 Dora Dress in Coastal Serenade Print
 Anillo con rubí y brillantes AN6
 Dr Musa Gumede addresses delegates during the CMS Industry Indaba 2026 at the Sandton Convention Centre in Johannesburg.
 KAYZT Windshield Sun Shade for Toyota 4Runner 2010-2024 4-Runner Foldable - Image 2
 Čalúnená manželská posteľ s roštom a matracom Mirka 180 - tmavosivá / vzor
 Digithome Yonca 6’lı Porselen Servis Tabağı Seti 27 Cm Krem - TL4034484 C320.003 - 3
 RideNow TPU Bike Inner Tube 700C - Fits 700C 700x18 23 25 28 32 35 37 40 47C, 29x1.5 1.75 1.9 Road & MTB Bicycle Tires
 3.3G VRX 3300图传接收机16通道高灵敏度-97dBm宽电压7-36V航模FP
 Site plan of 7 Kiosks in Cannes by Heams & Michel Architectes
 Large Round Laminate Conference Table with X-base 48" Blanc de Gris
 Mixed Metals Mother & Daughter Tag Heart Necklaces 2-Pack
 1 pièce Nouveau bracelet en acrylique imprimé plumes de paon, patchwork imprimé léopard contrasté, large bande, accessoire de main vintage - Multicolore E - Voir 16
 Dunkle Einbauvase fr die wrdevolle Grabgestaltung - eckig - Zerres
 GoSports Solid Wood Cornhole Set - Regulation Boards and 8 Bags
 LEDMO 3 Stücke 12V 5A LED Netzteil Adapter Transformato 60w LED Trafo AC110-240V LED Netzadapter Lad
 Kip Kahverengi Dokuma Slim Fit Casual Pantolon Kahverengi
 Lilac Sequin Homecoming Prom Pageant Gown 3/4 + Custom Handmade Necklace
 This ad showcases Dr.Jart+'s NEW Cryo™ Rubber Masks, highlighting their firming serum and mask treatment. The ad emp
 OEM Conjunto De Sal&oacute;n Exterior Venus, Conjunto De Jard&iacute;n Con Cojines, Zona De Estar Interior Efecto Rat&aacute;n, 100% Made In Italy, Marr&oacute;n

###

Only the lines from the one that contains "This ad showcases" to the end of the data should be output, exactly as they appear.

#### Result of this task
 This ad showcases Dr.Jart+'s NEW Cryo™ Rubber Masks, highlighting their firming serum and mask treatment. The ad emp
 OEM Conjunto De Sal&oacute;n Exterior Venus, Conjunto De Jard&iacute;n Con Cojines, Zona De Estar Interior Efecto Rat&aacute;n, 100% Made In Italy, Marr&oacute;n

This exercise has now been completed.